GIVEN DATA:
···
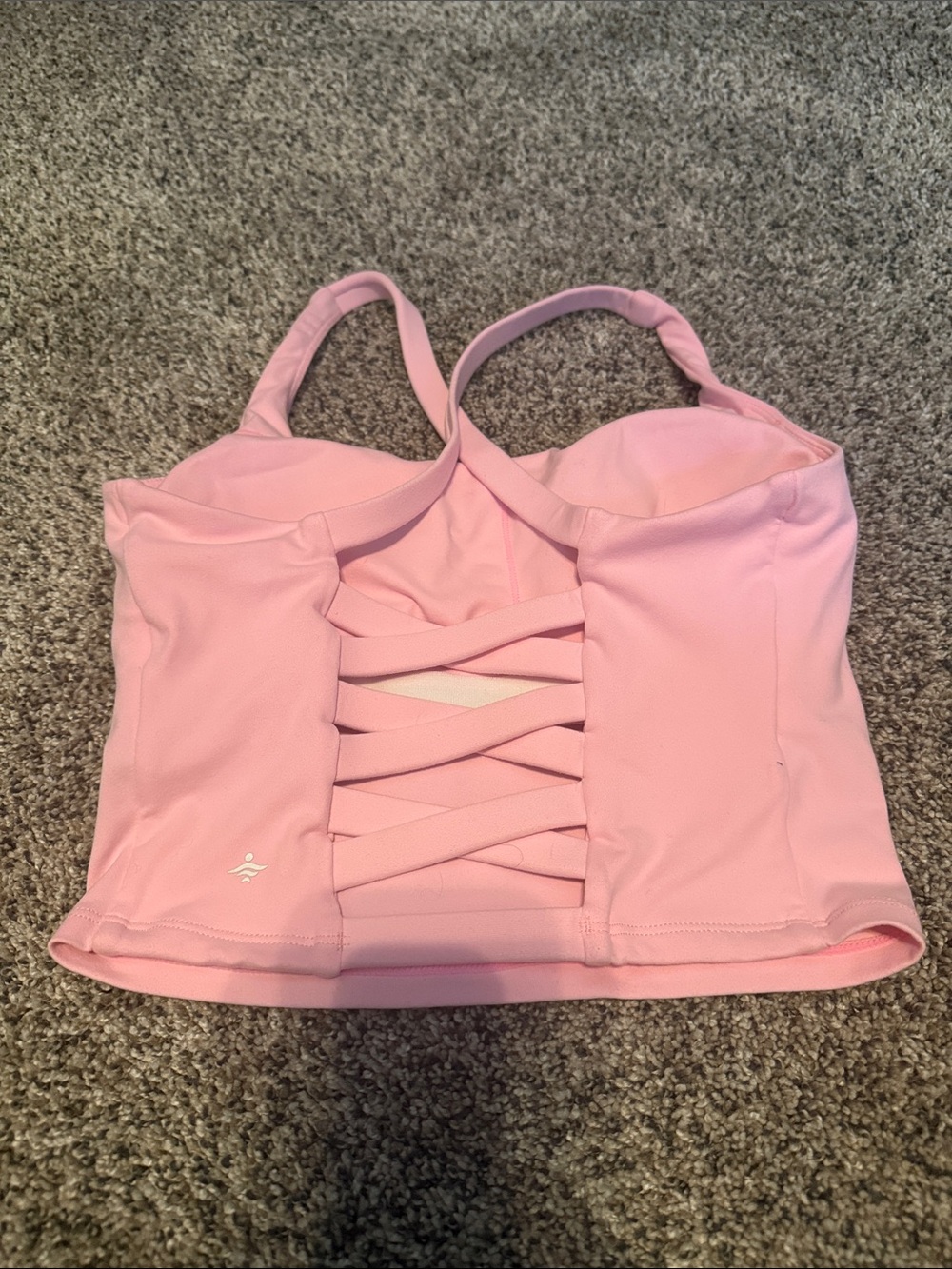 HALARA Pink Lace-Up Bustier Crop Top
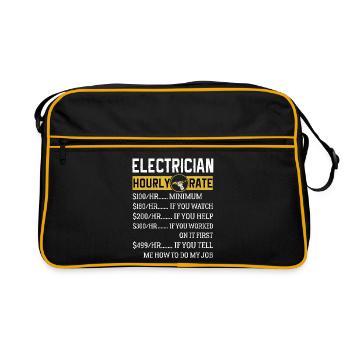 Électricien Cadeaux Électricien Taux horaire - Sac Retro - noir/or - Devant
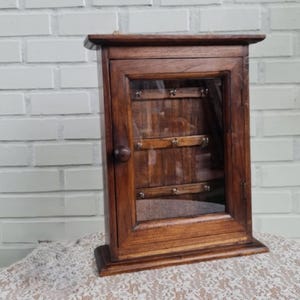 Teak Key Cabinet, 9-Key Storage, 14 Inch, Elegant Wood Key Organizer, Stylish Wall-Mounted Key Holder for Home & Office, small key cabinet.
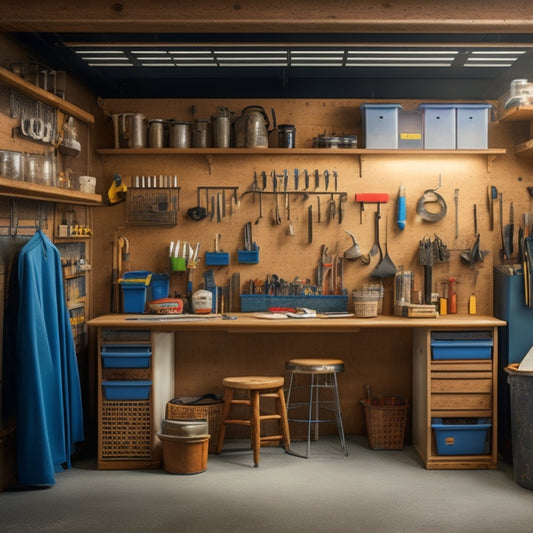 A cluttered garage with scattered tools and storage bins, contrasted with a sleek, organized workspace in the background, featuring a pegboard, cabinets, and a workbench with a vice.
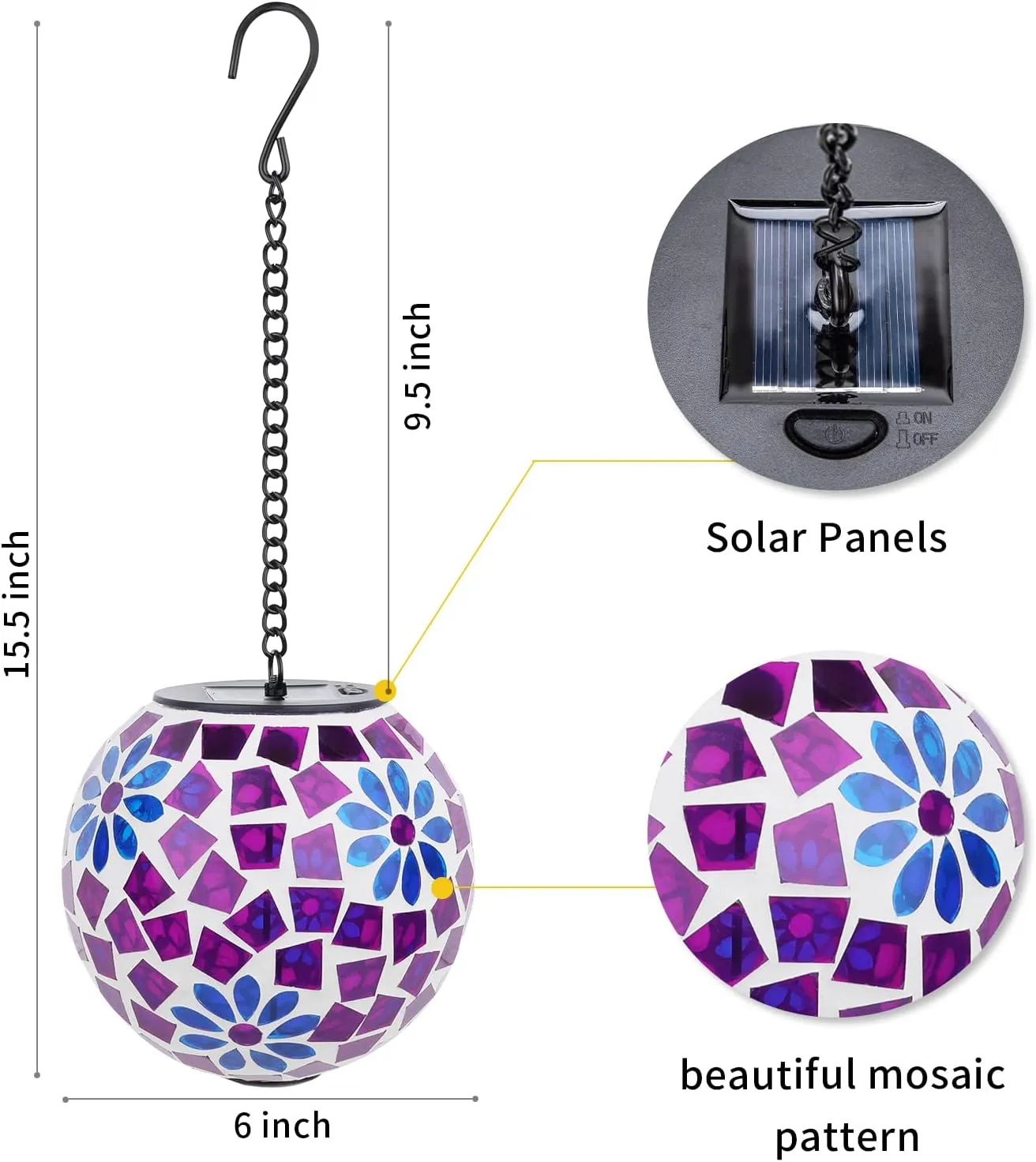 VCUTEKA Hanging Solar Lights Outdoor - Solar Powered Waterproof Landscape Lanterns with Mosaic Design for Patio, Yard, Garden and Pathway Decoration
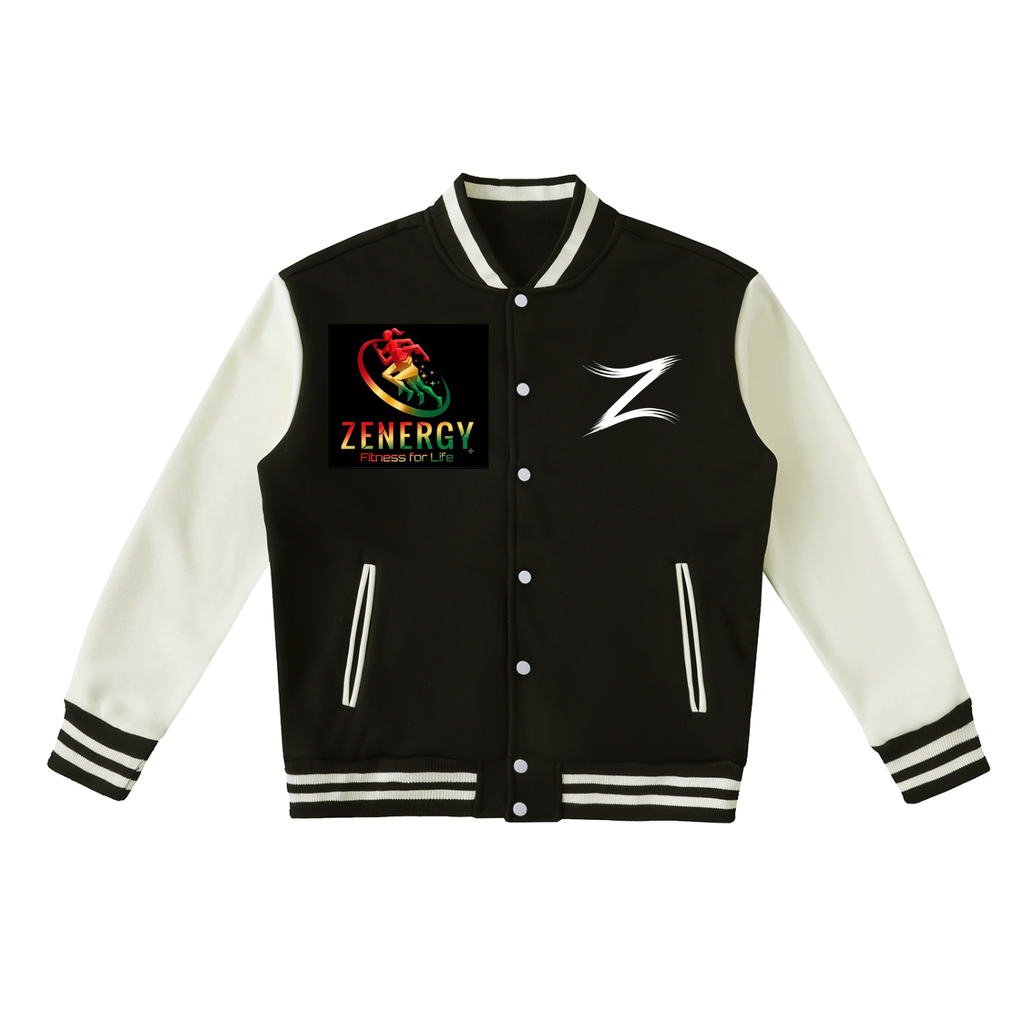 ZENERGY Two-Tone Fleeced Varsity Jacket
···
YOUR ASSIGNMENT: Reproduce every record above exactly, omitting the pictures.

SOLUTION FOR THIS TASK:
 HALARA Pink Lace-Up Bustier Crop Top
 Électricien Cadeaux Électricien Taux horaire - Sac Retro - noir/or - Devant
 Teak Key Cabinet, 9-Key Storage, 14 Inch, Elegant Wood Key Organizer, Stylish Wall-Mounted Key Holder for Home & Office, small key cabinet.
 A cluttered garage with scattered tools and storage bins, contrasted with a sleek, organized workspace in the background, featuring a pegboard, cabinets, and a workbench with a vice.
 VCUTEKA Hanging Solar Lights Outdoor - Solar Powered Waterproof Landscape Lanterns with Mosaic Design for Patio, Yard, Garden and Pathway Decoration
 ZENERGY Two-Tone Fleeced Varsity Jacket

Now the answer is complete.